Years after defying him and eloping to marry the man she loved, Evelyn desperately wants to prove to her father that she has built a happy life. However, things are not going well between the couple as Waymond is ready to serve Evelyn the divorce papers. Joy (played by Stephanie Hsu), the queer daughter of this couple, wants Evelyn to embrace her white girlfriend. The stage is set for a loud family drama in which chaos serves as the basis for harmony.
A strong ensemble cast led by Michelle Yeoh
A still from Everything Everywhere All At Once. Twitter
The outstanding Michelle Yeoh carries Everything Everywhere All At Once on her shoulders. As her daughter, Hsu supports Yeoh in portraying a range of emotions. Hollywood heavyweight Jamie Lee Curtis is both scary and endearing in her multiple roles as an audit inspector. But Ke Huy Quan manages to keep our attention on him as Evelyn’s meek and goofy husband, Waymond Wang, and all his multiple versions, including the all-important Alphaverse jumper in search of the right Evelyn.
A multiverse of madness
A still from Everything Everywhere All At Once. Twitter
Let’s talk about the multiverse, something which has hitherto been reserved for caped superheroes or high-budget sci-fi films. Everything Everywhere All At Once brings the multiverse to common households — it could be anywhere, anything. The bizarre multiverse of this eccentric film includes a bagel-shaped black hole, humans with hot dogs for fingers, a Hong Kong martial arts movie star, a mega-villain with a painful past, a Ratatouille-inspired chef, a Wong Kar-wai-style couple reflecting on lost chances in the neon-lit streets of Hong Kong, two rocks having an existential conversation and kung-fu action sequences.

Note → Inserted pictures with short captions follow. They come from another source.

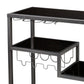 Contemporary Style Metal Bar Cart With Tempered Glass Shelves in Gunmetal Gray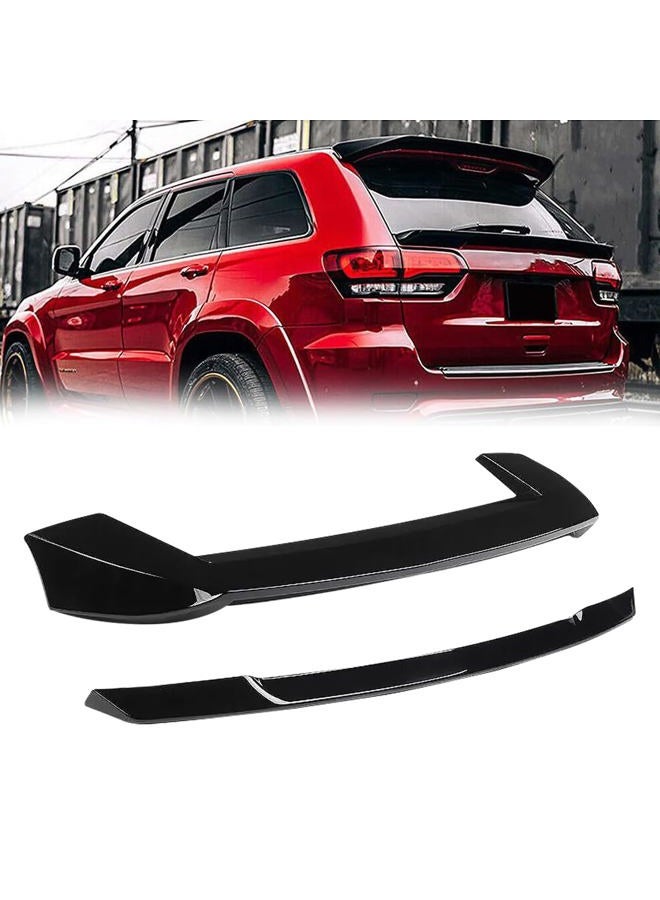Gear Up Rear Roof Spoiler + Mid Spoiler Wing Compatible with 2013-2021 Jeep Grand Cherokee Rear Window Roof Spoiler Trunk Splitter Tailgate Mid Spoiler Wing(Glossy Black) - Image 1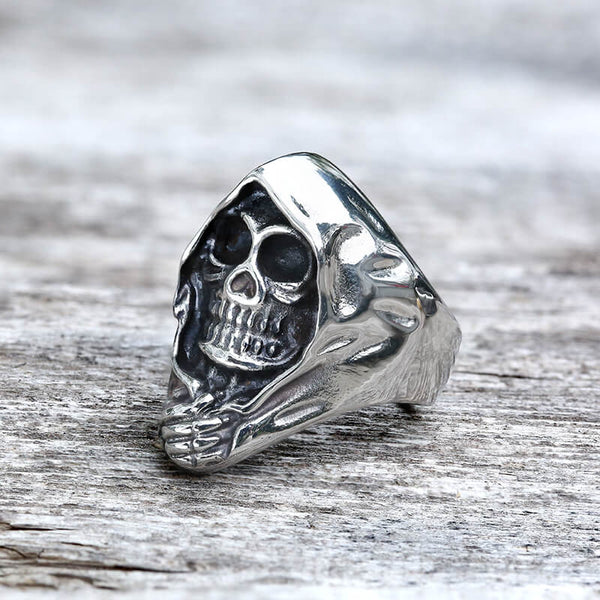 Bague tête de mort en acier inoxydable Vintage Grim Reaper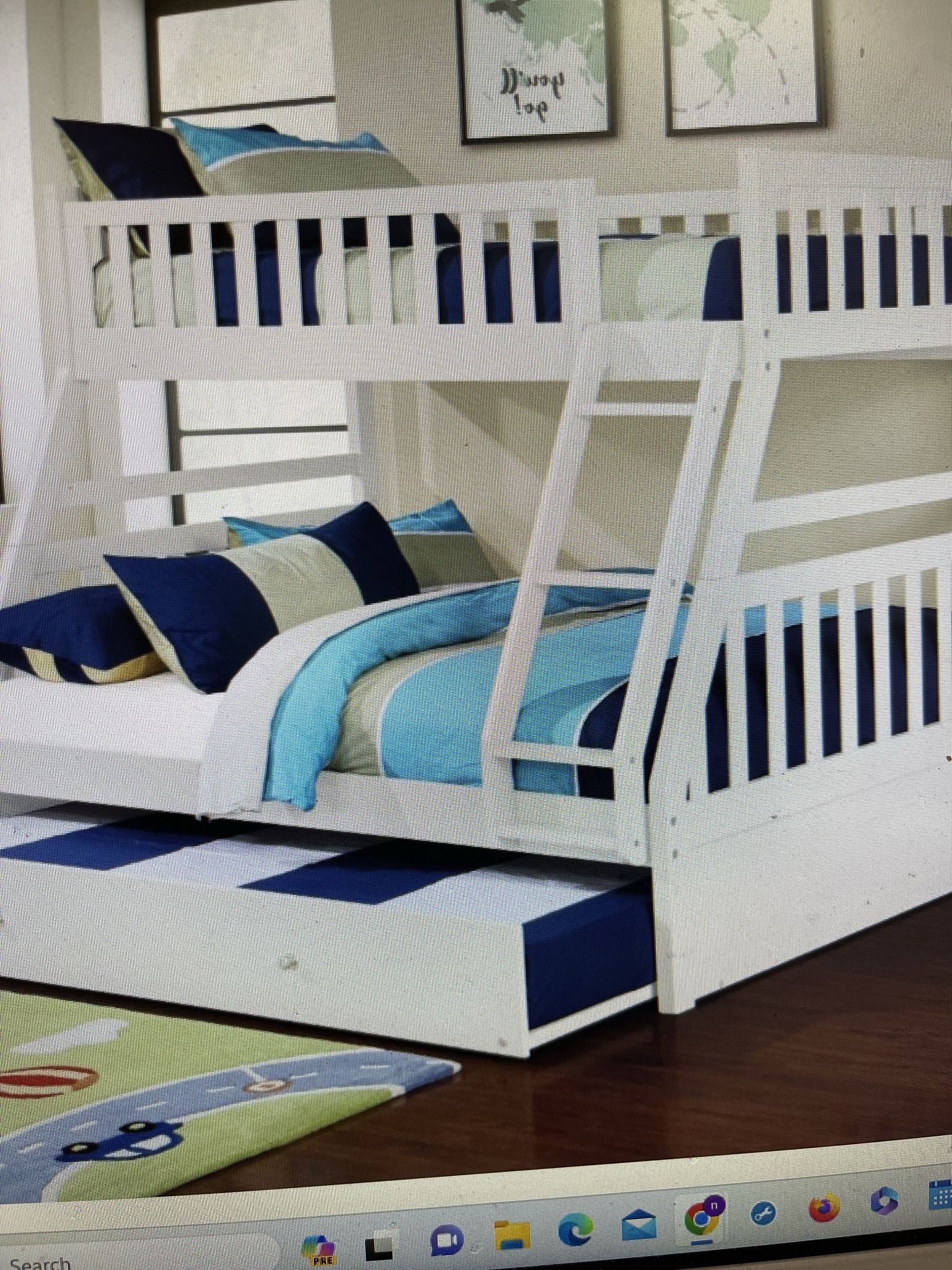 Twin Over Full Bunk Bed On Sale( Trundle & Mattress Sold. Separately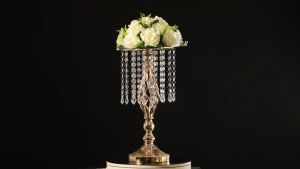 Hollow Curvy Gold / Silver Mermaid Crystal Flower Holder Centerpiece Party Decoration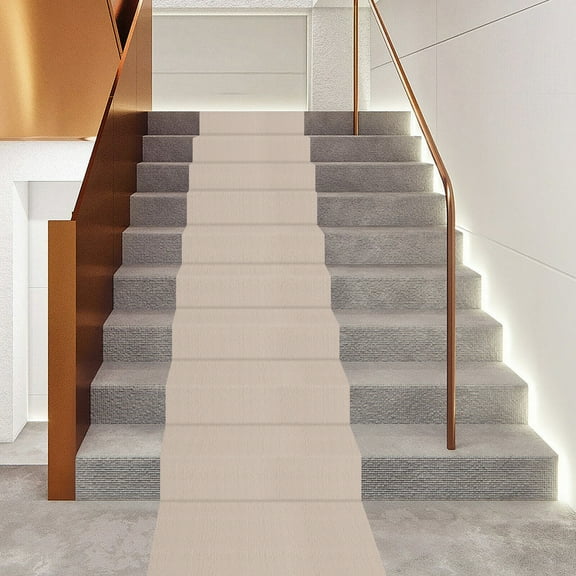 Non-Slip Carpet Stair Runner in Soft Grey Color for Indoor Stair Protection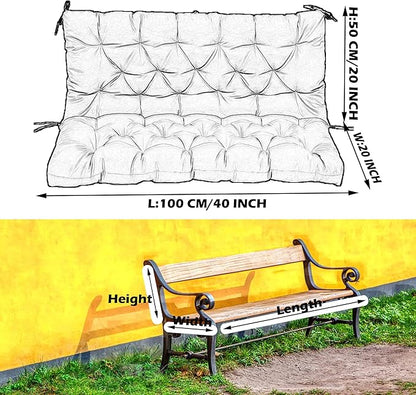 Replacement Cushions for Swing, Swing Cushions 3 Seater Replacement, Waterproof Thicken Washable Pad Cushion for Outdoor Indoor Furniture Swing Patio (Fresh Summer, 40x40 inch)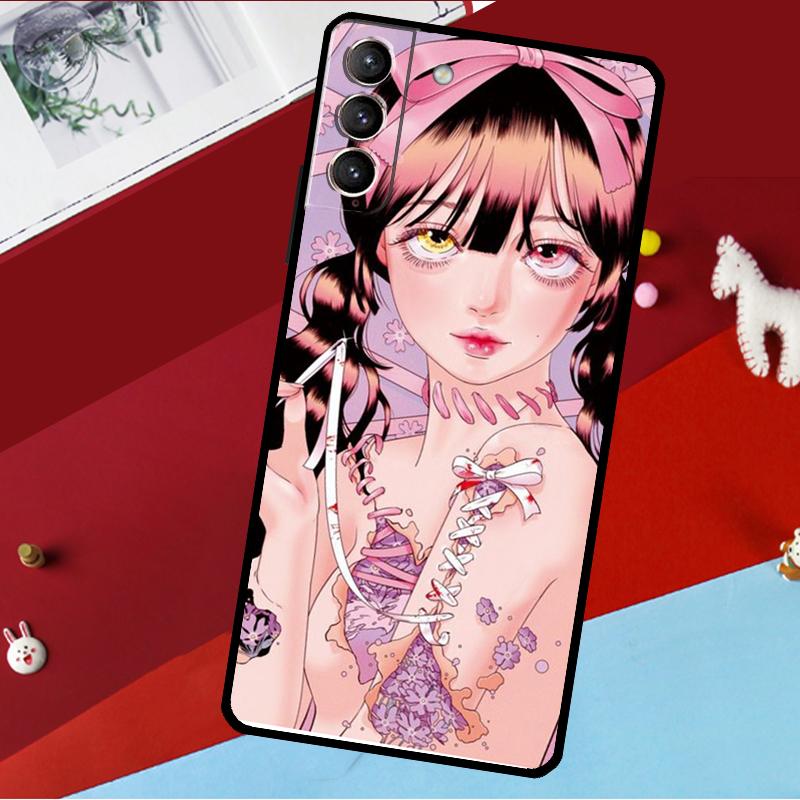 Cartoon Girl Aesthetic Funda For Samsung Galaxy S26 S25 S24 S22 S23 Ultra Plus S20 S21 FE S9 S10 S25 FE Phone Case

Multiverse as a metaphor for life on the internet
A still from Everything Everywhere All At Once. Twitter
Apart from the technical marvels and superlative storytelling, Everything Everywhere All At Once essentially portrays the battle between existentialism and nihilism through its multiverse, which acts as a metaphor for our own world and only too real experience of the internet. With the internet, we can whiz through the maze of endless ideas and so don’t need a real multiverse to pierce the clay pot of our minds. The internet has always been a double-edged sword, and this film puts forward this simple message in the most entertaining way possible.
An ode to cinema by the Daniels
A still from Everything Everywhere All At Once. Twitter
The directors pay tribute to cinema as their ambitious multiverse project is a nod to several movies. Different lenses and aspect ratios have been used to define the various alternate universes in Everything Everywhere All At Once to create the worlds where you could find a Punch Drunk Love-inspired teppanyaki chef secretly puppeteered by a raccoon, a Carol-inspired universe of hot dog fingers or an In The Mood For Love-inspired world of a Hong Kong superstar.